Martes, 05 de noviembre de 2024

Religión en Libertad

Abril: el mes más cruel

El Chestnut Tree Café donde pasaba sus horas, bajo la mirada ubicua del Gran Hermano, Winston Smith, el protagonista de '1984' de George Orwell. En la imagen, en la versión cinematográfica de Michael Radford en 1984.
El Chestnut Tree Café donde pasaba sus horas, bajo la mirada ubicua del Gran Hermano, Winston Smith, el protagonista de '1984' de George Orwell. En la imagen, en la versión cinematográfica de Michael Radford en 1984.

por Emilio Domínguez Díaz

Opinión

Abril es el mes más cruel, criando lilas de la tierra muerta, mezclando memoria y deseo, removiendo turbias raíces con lluvia de primavera. Al menos, para T. S. Eliot lo fue hace algo más de un siglo, en el otoño de 1922, cuando La tierra baldía vio la luz que no había sido capaz de hallar meses atrás en el inicio de la esplendorosa y floreciente estación primaveral.

Y, por desgracia, los tiempos no han cambiado mucho.

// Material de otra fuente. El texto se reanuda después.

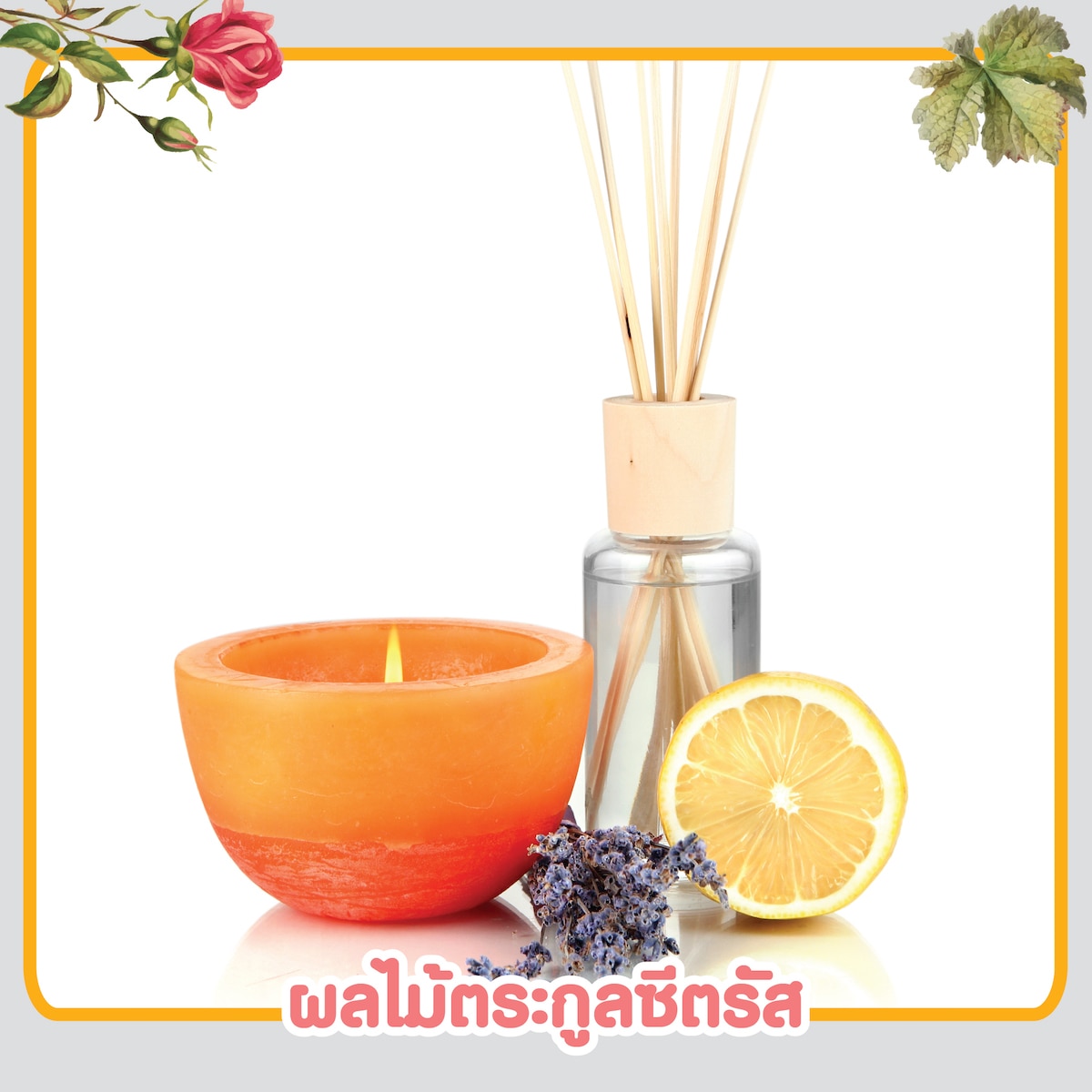 กลิ่นบำบัดความเครียดจากผลไม้ตระกูลซีตรัส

La tierra no se cansa de acumular una serie de despropósitos que han convertido nuestro mundo en yerto solar no sólo en lo físico, sino también en lo moral y espiritual.

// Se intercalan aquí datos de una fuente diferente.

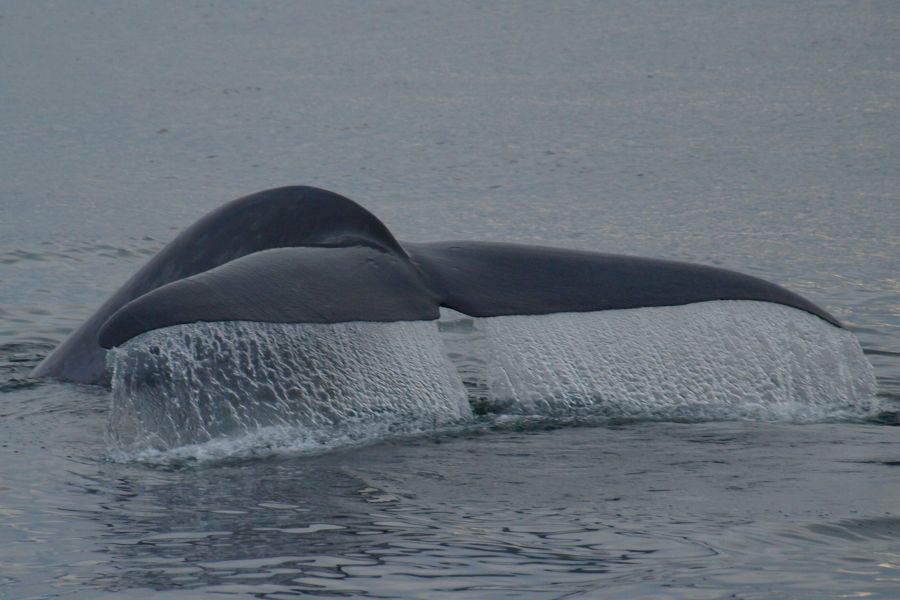 Whale Watching Husavik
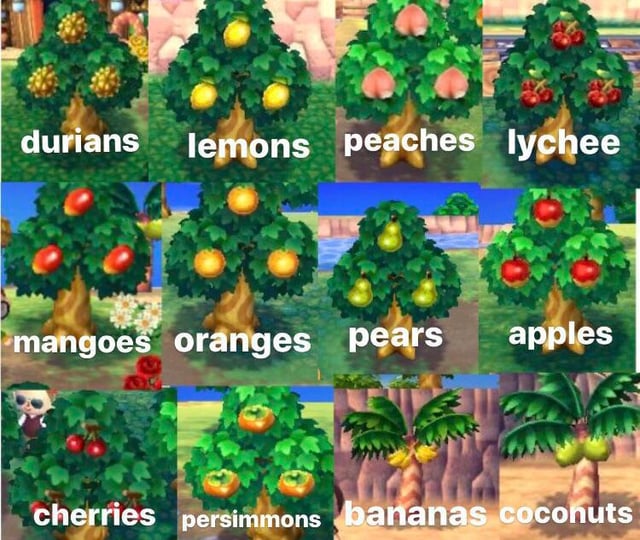 あつ森 2025年版 フルーツ 果物 家具一覧とレシピ入手方法 あつまれどうぶつの森- アルテマ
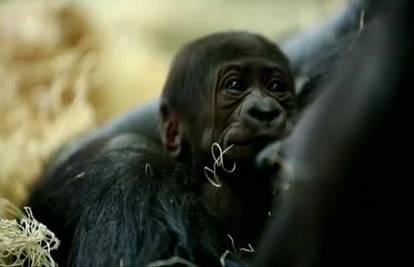 Ugrožena gorila rodila: Snimka postala pravi hit na internetu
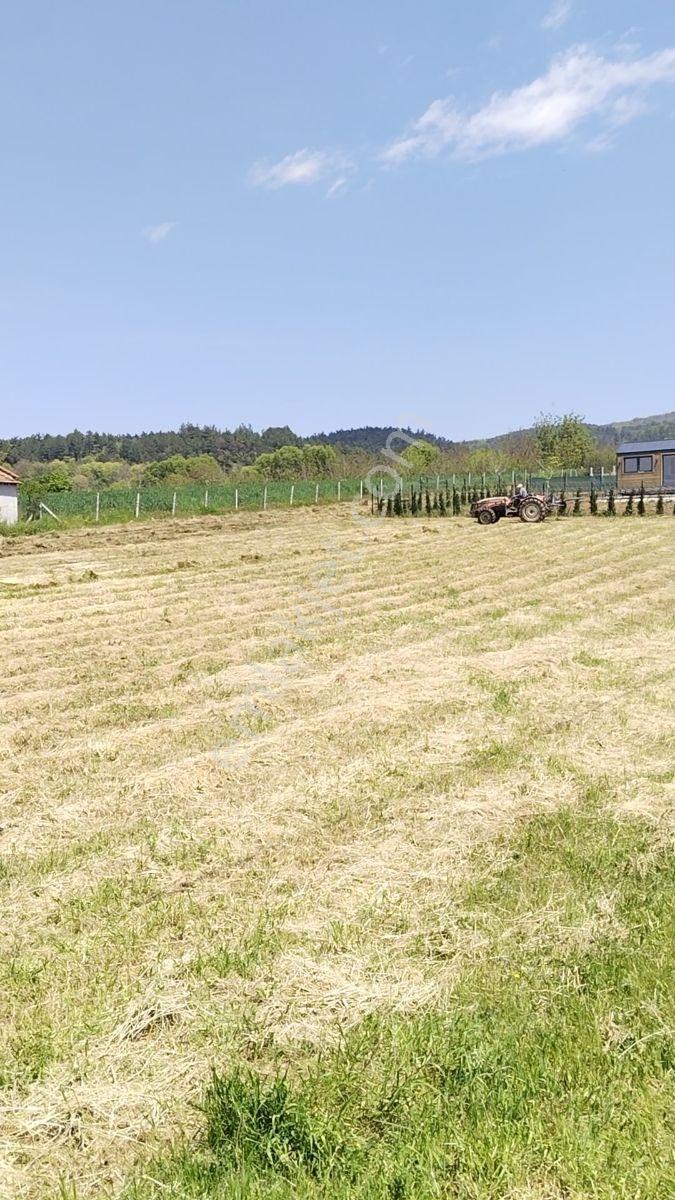 Satılık Köy İmarlı Arsa (inegöl) - Görsel 22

A fuerza de ser sincero, este abril es peor que aquel descrito por Eliot, el de los hombres huecos retratados en The Hollow Men. No me cabe duda. Las lecciones del paso de los años no han servido de nada a una humanidad sumisa, derrotada y arrastrada por el relativismo, la vileza e incertidumbre de esta perversa contemporaneidad que vivimos y el contaminado aire que respiramos.

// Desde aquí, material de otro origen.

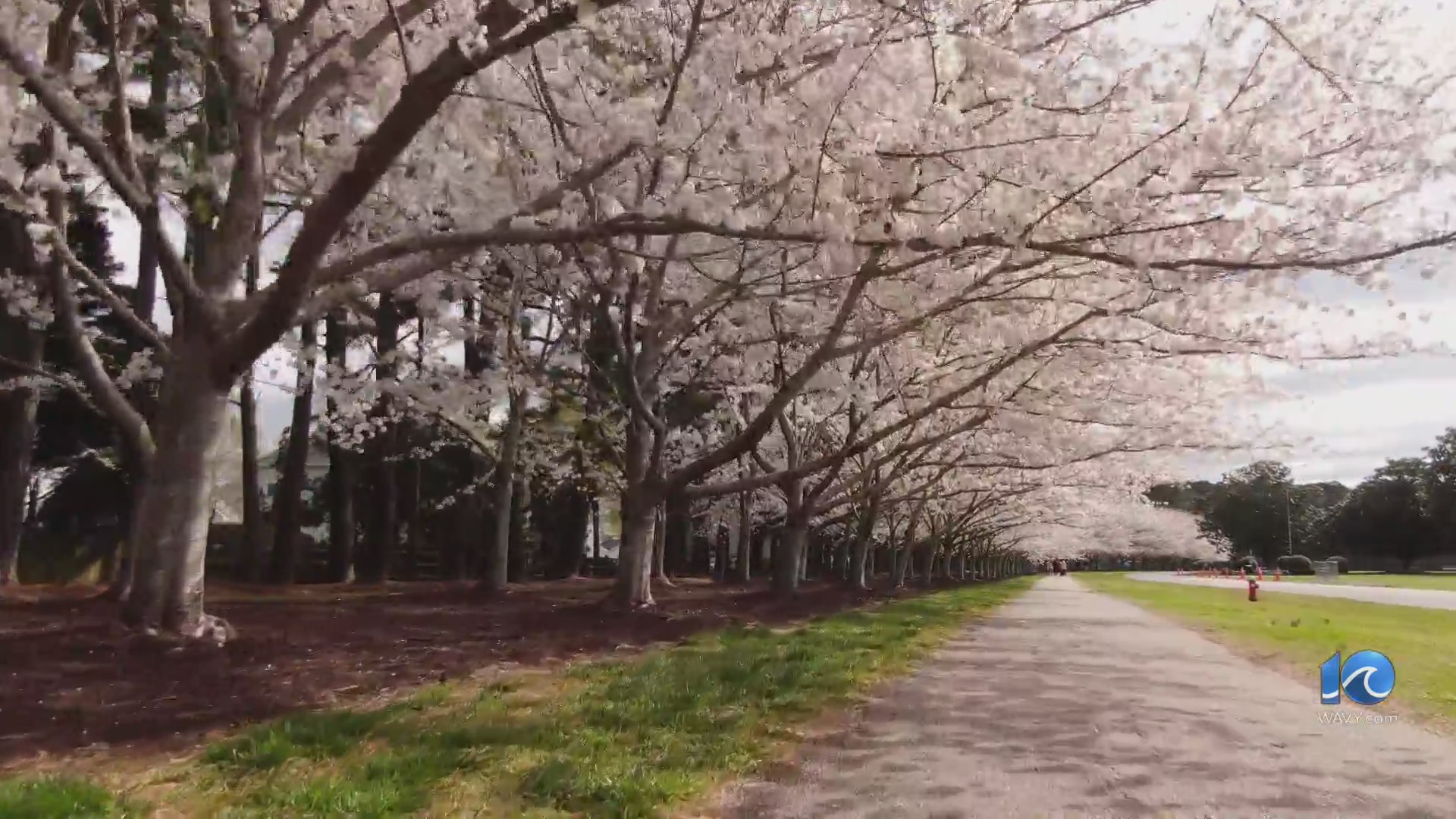 Virginia Beach Cherry Blossom Festival ends Saturday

La crueldad, evidentemente, no entiende de fechas, almanaques o páginas diariamente arrancadas del calendario de pared, ese de inmensos números negros y festivos en rojo que, todavía, se reivindica en hogares, talleres, taquillas cuarteleras y tiendas de las de antes, de todos esos negocios que se baten el cobre contra algo denominado progreso y sus variopintas demostraciones o exhibiciones, ventas online incluidas, en diversos formatos tecnológicos. 

Sin embargo, hoy, Lunes de Pascua, tenemos que recordar e insistir en un anuncio de esperanza, el del Ángel del Señor cuyas palabras están impregnadas de la sublime alegría de la Resurrección. Es justo lo que precisamos, nuestra tabla de salvación, el escudo con el que acudir a todas las trincheras y frentes de nuestras vidas.

Y es esa nuestra misión, la lucha por una cuestión de fe, creencias, identidad, tradición y costumbres antes de que cualquier nuevo ramalazo de la cultura de la cancelación insinúe fulminar una aplicación de mensajes o borre de un plumazo el nombre de los días de la semana en la que, osados, nos atrevemos a vivir. Su maligno objetivo es el de eliminar, customizar, reescribir, etc. Cuando el rodillo de la memoria selectiva o el sesgado dictamen de elitistas planes echan a andar hacen que incluso distopías del pasado queden relegadas a lo meramente anecdótico.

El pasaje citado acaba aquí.